= Task directions =
Nothing outside the stretch is wanted. Repeat exactly the lines of the listing below from the one that contains "NEW 2025 INTERNATIONAL" through the one that contains "Cuore votivo messicano", both ends included.
------ Data for this exercise
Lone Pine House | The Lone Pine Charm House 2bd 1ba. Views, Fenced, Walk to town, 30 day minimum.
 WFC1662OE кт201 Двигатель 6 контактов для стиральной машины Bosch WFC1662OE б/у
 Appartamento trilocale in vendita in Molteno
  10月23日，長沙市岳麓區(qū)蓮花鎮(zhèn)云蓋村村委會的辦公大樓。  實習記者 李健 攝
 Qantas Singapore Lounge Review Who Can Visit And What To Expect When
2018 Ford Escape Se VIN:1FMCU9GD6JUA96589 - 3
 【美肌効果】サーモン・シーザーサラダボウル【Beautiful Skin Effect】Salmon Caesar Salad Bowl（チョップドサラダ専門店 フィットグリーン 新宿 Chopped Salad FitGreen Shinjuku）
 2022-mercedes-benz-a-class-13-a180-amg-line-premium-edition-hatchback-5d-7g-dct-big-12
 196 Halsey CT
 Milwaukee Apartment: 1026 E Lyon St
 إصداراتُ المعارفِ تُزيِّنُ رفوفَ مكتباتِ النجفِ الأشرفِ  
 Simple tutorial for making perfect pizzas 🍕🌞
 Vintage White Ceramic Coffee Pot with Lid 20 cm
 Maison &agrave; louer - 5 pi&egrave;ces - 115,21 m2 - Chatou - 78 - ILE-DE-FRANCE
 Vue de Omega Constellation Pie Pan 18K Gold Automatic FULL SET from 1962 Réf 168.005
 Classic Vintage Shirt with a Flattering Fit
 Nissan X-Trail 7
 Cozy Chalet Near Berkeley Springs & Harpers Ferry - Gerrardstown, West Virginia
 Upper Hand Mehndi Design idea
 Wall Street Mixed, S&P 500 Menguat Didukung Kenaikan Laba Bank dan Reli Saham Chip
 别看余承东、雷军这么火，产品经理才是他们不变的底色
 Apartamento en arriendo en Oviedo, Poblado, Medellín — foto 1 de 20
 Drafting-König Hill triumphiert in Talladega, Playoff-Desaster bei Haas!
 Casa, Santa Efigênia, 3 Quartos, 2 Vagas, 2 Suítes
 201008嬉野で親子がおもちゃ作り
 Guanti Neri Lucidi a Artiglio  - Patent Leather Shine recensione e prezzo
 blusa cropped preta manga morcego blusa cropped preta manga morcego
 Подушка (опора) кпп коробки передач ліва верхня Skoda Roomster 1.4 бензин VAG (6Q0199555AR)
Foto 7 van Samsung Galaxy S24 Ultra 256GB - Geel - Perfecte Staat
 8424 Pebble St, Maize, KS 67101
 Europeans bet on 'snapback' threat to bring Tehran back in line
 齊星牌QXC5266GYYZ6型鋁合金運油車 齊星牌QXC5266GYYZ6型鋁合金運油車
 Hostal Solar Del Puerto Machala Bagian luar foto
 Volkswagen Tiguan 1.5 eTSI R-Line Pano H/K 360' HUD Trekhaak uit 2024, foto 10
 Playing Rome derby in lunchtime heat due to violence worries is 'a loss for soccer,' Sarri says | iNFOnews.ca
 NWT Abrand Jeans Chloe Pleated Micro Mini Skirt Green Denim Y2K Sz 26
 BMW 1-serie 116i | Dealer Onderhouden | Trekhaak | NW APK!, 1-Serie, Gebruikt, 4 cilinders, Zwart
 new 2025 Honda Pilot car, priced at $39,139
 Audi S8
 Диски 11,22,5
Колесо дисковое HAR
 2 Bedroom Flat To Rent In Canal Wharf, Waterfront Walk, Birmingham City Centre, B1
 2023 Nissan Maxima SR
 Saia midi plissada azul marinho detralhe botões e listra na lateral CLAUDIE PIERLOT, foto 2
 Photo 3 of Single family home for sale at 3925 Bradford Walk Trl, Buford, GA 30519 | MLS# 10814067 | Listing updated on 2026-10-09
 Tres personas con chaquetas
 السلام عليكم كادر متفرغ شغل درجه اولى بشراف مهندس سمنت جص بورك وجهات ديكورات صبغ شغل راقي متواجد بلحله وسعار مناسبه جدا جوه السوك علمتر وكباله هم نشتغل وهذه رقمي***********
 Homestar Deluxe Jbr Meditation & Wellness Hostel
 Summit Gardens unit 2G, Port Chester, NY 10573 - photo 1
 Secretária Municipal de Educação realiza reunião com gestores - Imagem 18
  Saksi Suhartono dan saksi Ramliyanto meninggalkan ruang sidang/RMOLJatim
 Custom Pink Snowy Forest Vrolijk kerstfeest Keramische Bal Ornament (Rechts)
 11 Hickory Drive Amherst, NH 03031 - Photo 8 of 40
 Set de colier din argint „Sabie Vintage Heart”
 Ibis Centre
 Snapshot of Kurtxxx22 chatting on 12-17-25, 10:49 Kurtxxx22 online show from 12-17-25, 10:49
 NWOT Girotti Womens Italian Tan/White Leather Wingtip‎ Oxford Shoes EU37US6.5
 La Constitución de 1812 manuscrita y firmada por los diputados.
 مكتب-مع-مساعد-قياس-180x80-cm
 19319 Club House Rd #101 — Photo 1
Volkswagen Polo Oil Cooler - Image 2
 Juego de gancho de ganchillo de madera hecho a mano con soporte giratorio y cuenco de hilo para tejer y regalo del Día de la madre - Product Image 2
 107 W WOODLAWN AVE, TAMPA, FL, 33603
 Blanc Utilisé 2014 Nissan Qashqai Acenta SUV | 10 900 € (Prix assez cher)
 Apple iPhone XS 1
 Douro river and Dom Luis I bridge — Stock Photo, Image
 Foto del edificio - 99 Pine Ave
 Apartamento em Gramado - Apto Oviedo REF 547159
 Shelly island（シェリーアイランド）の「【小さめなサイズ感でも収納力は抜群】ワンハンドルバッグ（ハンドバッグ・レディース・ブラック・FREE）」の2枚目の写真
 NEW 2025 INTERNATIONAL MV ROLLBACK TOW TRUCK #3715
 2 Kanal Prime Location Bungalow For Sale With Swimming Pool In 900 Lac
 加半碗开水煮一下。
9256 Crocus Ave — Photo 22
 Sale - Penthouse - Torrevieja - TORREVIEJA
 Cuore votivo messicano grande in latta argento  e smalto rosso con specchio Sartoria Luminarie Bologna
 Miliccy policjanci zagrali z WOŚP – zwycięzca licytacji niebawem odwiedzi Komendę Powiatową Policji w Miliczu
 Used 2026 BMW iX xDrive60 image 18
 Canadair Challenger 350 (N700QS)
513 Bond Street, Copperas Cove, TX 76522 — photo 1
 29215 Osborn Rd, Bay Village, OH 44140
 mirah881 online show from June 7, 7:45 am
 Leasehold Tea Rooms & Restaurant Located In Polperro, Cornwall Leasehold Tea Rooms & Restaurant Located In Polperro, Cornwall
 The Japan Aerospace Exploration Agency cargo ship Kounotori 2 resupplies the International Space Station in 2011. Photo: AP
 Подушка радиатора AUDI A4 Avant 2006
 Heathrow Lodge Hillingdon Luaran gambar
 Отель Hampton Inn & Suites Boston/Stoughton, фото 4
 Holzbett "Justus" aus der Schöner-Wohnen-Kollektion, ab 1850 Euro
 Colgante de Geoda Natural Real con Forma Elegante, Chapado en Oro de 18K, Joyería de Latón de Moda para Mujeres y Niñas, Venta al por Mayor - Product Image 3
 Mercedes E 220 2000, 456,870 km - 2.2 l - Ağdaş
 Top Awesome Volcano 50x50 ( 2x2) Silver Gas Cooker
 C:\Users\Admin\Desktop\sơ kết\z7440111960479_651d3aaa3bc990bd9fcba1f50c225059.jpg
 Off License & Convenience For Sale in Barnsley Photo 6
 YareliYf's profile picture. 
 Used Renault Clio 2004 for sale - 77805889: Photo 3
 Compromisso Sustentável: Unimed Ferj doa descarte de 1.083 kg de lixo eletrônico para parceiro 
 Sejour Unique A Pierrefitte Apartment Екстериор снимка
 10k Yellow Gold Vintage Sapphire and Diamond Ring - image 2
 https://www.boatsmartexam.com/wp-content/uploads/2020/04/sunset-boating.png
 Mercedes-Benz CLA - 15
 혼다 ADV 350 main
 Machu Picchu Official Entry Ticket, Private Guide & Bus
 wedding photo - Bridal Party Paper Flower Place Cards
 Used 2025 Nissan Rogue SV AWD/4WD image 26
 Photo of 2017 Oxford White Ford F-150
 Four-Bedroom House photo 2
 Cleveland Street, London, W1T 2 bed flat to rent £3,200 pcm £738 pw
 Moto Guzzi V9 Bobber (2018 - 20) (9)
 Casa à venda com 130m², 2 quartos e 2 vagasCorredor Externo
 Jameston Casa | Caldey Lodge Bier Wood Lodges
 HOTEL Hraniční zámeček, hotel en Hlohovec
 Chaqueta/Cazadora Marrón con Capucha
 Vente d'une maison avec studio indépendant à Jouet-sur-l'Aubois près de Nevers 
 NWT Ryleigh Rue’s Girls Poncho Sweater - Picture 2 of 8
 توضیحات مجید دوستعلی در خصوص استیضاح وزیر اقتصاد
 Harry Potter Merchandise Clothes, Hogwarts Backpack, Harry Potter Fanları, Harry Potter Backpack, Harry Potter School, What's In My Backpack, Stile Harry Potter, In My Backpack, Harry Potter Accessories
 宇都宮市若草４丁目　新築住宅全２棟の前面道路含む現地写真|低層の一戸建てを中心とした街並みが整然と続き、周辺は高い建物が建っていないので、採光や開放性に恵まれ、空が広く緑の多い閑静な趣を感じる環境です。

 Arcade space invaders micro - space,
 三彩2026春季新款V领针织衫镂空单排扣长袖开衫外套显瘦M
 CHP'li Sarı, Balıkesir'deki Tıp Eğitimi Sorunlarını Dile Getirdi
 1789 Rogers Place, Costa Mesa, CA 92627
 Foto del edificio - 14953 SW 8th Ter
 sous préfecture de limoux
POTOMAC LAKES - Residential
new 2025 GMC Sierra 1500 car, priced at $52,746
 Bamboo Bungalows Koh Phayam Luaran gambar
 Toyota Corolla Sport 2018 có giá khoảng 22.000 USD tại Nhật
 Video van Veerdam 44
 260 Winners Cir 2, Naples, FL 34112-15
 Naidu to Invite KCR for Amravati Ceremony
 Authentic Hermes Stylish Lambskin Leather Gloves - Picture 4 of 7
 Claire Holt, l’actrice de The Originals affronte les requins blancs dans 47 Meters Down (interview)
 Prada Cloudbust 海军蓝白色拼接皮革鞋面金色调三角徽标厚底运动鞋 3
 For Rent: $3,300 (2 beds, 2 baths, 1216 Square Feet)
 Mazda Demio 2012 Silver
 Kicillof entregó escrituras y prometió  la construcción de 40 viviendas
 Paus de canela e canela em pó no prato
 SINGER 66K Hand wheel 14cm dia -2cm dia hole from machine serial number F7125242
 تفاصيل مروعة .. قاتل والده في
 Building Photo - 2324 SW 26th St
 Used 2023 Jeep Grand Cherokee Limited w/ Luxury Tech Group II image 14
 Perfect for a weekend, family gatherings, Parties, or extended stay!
------------
= Result for this task =
 NEW 2025 INTERNATIONAL MV ROLLBACK TOW TRUCK #3715
 2 Kanal Prime Location Bungalow For Sale With Swimming Pool In 900 Lac
 加半碗开水煮一下。
9256 Crocus Ave — Photo 22
 Sale - Penthouse - Torrevieja - TORREVIEJA
 Cuore votivo messicano grande in latta argento  e smalto rosso con specchio Sartoria Luminarie Bologna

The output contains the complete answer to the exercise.